Dataset entries:
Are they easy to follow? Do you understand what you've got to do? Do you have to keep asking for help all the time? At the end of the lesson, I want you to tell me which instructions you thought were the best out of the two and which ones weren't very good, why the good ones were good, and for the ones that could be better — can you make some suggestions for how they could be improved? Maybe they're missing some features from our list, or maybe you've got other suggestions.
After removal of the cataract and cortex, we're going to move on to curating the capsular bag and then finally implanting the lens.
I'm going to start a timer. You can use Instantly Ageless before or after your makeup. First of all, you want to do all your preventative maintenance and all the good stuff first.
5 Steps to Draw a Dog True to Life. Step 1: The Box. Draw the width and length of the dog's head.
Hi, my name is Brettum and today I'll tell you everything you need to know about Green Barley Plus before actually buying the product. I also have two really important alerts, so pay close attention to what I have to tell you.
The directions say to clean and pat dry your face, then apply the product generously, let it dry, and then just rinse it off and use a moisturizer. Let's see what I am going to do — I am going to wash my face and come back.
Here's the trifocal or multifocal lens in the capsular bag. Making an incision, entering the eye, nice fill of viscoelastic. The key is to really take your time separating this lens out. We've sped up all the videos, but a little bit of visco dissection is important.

---

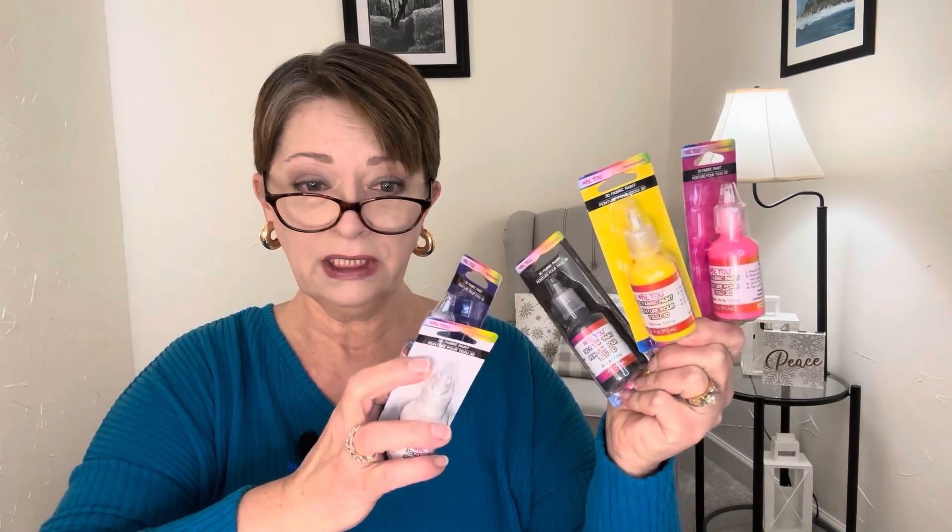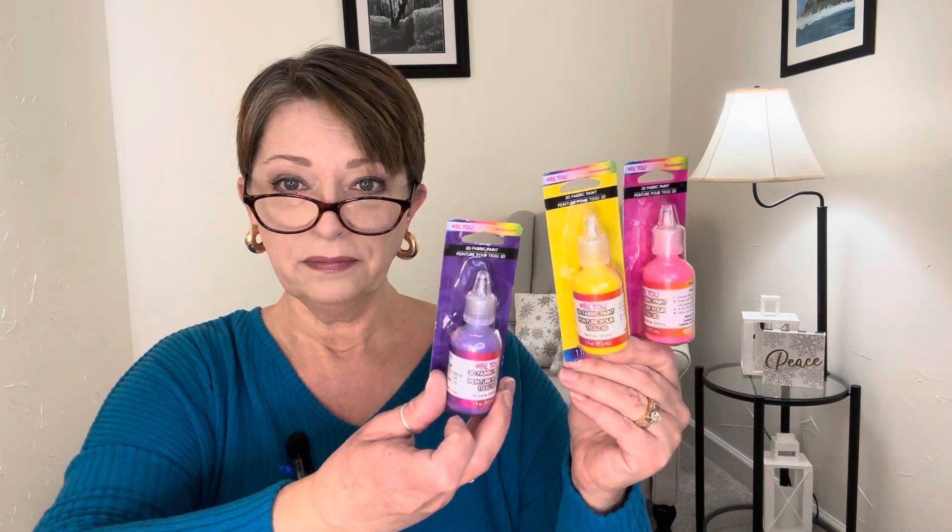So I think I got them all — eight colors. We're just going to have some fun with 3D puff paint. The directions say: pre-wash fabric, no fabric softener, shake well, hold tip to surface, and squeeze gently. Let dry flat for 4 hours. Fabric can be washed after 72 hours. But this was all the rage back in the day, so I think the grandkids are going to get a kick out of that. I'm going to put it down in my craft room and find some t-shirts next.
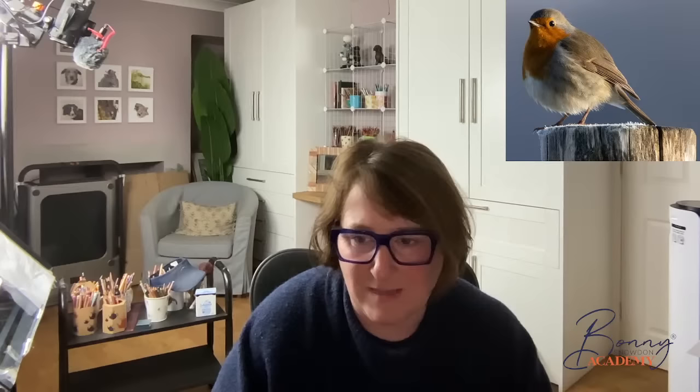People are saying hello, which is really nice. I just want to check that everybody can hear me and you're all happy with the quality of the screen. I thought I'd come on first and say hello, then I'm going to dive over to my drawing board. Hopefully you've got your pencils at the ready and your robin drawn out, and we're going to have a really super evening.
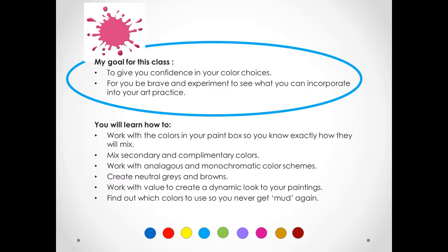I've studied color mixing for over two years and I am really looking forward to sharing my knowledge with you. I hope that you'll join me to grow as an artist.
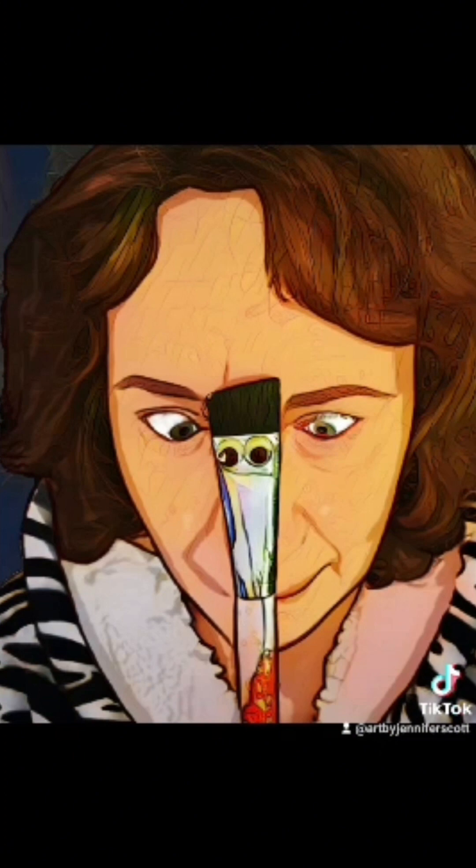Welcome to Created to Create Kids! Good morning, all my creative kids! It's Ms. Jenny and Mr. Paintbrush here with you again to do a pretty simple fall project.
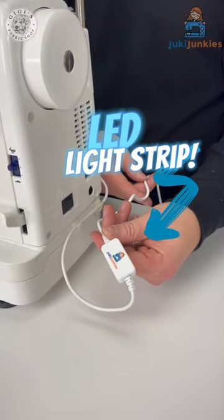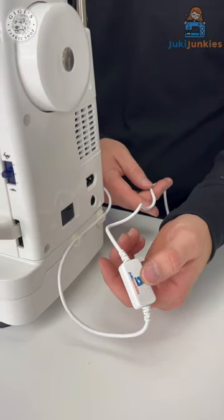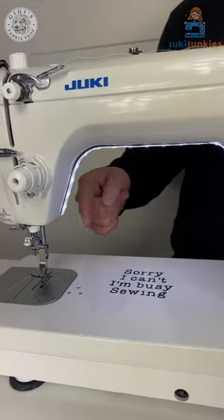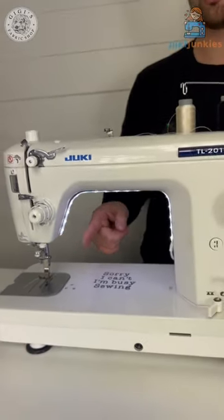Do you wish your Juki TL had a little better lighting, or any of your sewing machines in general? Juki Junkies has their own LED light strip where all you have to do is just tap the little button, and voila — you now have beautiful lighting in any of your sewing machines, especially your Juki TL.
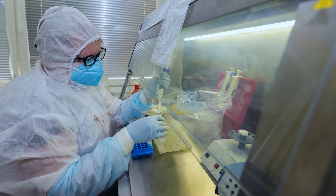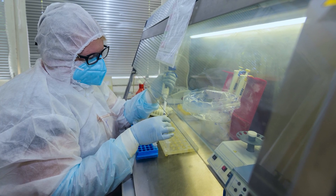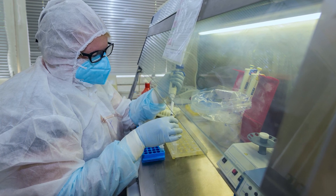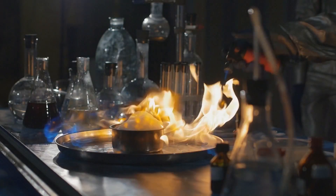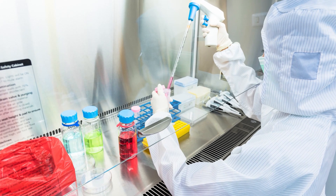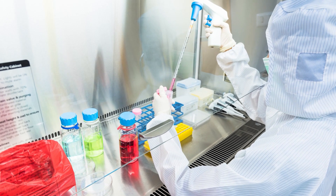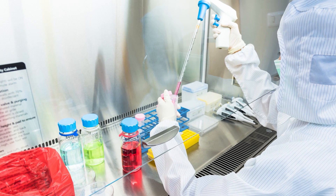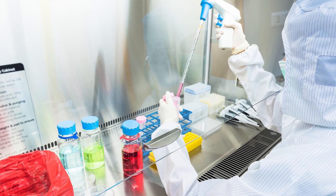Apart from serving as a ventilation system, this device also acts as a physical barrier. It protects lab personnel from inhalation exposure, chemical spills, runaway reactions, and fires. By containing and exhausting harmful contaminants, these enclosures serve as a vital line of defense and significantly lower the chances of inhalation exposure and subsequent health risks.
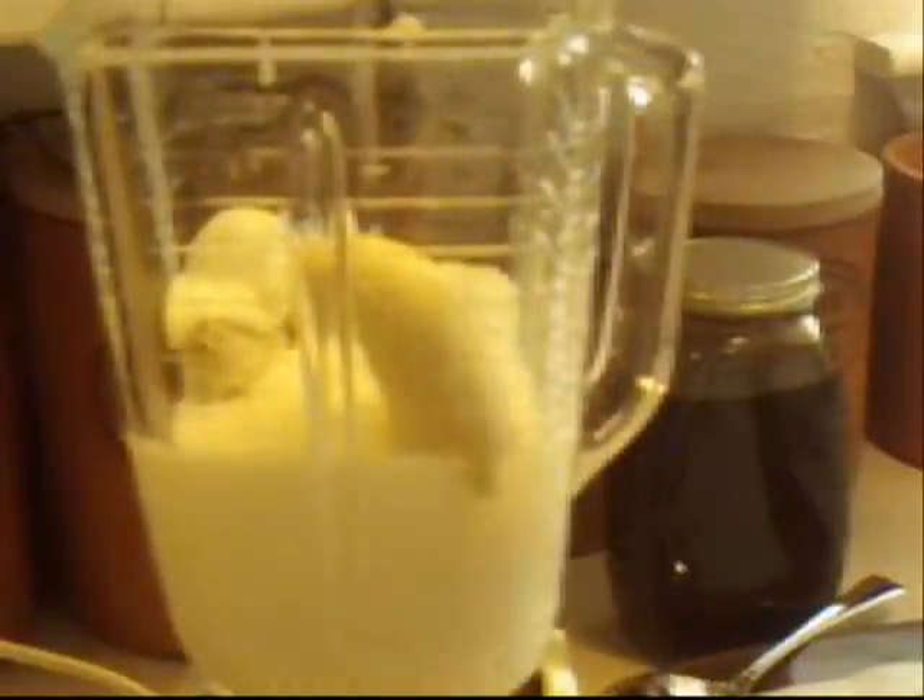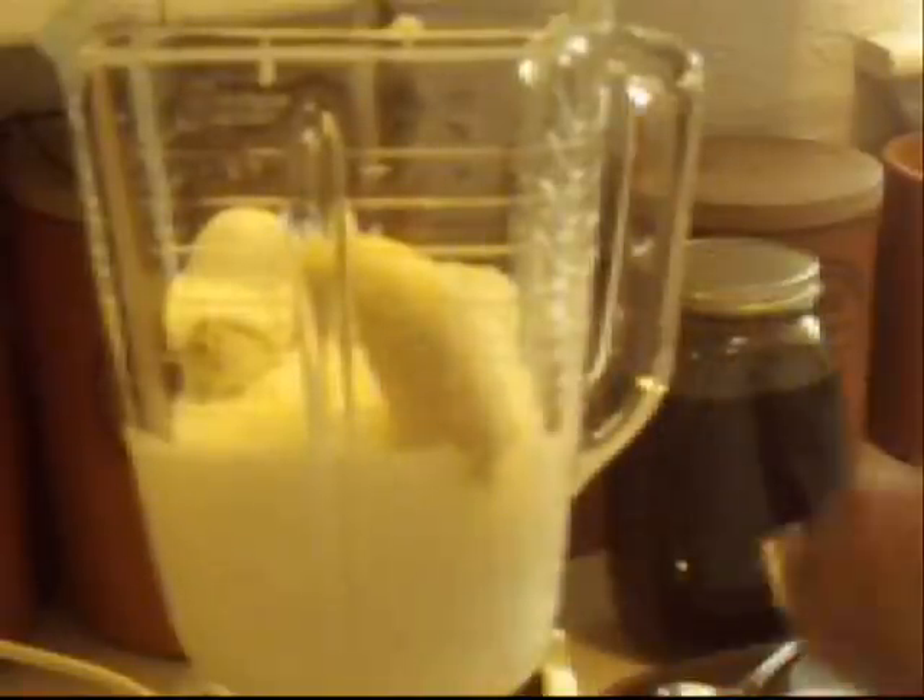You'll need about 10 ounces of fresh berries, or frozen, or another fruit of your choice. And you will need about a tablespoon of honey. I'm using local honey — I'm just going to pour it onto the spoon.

[ACTIVITY] Write out, from the lines above, only those from the line with "After removal of" to the line with "5 Steps to Draw", exactly as given, including the first and the last.

[TASK SOLUTION]
After removal of the cataract and cortex, we're going to move on to curating the capsular bag and then finally implanting the lens.
I'm going to start a timer. You can use Instantly Ageless before or after your makeup. First of all, you want to do all your preventative maintenance and all the good stuff first.
5 Steps to Draw a Dog True to Life. Step 1: The Box. Draw the width and length of the dog's head.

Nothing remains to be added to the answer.